From award-winning director Roberto Moreira, Paulista is the story of [six] young peoplein search of love amid the frantic pace of São Paulo. What will a relationship unearth of their unspoken past, and can they dare hope for a happy future?—Paulista Tag Line

I attended the 2010 Palm Springs Film Festival earlier this year and enjoyed the foreign film Paulista, which was directed by award-winning Robert Moreira.  The film won Best Picture and Best Actress at the Hollywood Brazillian Film Festival and has received rave reviews in the independent film circuit.  Paulista features the following accomplished Brazillian actors: Silvia Lourenco, Maria Clara Spinelli, Danni Carlos, Paulo Vilhena, Fabio Herford, Leilah Moreno, and Gustavo Machado.  This is a Portuguese film with English subtitles—I purposely avoid movies with subtitles.  They can be distracting, and you spend most of the movie reading. You end up missing a lot of the visual aspects of the movie.  However, I found with Paulista the subtitles were not at all distracting.

The acting was natural, realistic; and there was a strong emphasis on realism.  In Paulista’s original synopsis there are three people searching for love; but there are actually six people searching for love—three young women and three young men. That’s all I’m going to say (I don’t want this to turn into a spoiler review). In my experience I have seen directors make exhaustive attempts to portray the types of relationships on the big screen that are portrayed in Paulista, and I have been very disappointed at the outcome.   

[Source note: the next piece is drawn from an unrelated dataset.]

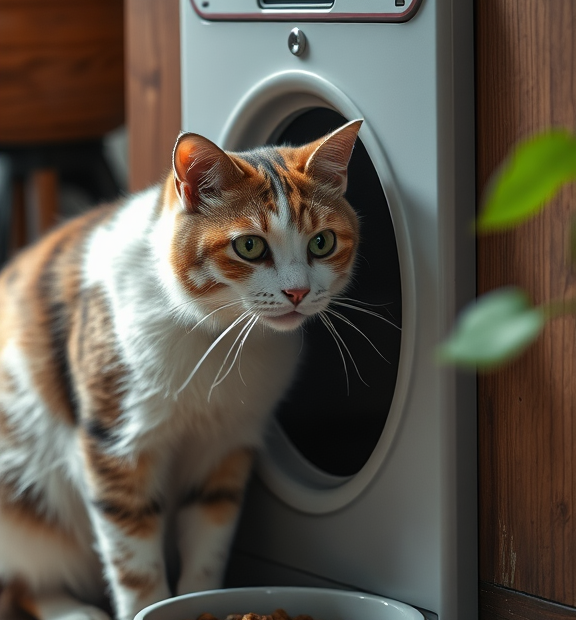 Cat Eat Automatic Cat Door Naturally: Creating a Nostalgic Feeding Ritual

The real genius of this movie is the director’s choice of actors, as well as cinematographer (Marcelo Trotta), and music director (Livio Tratenberg).  Roberto Moreira has written and directed a compelling story that is entertaining, thought provoking, slightly erotic, comedic, and of course, full of surprises, creating a very entertaining film well worth the price of admission.  You will definitely feel the emotional connections with each character.  Paulista offers relatable human experiences in your own intimate relationships.  Don’t be surprised if you cry or feel frustration during this film.  My only advice when viewing?  Watch it with an open mind and you will have a great time.  This movie is a bit Ghost, a bit anti-Ghost . . . without the ghost and the pottery wheel!  It’s a movie filled with love, passion, and spirituality.  I’d compare it to Patrick Swayze’s/Demi Moore’s Ghost . . . he couldn’t live in her world, and she couldn’t live in his.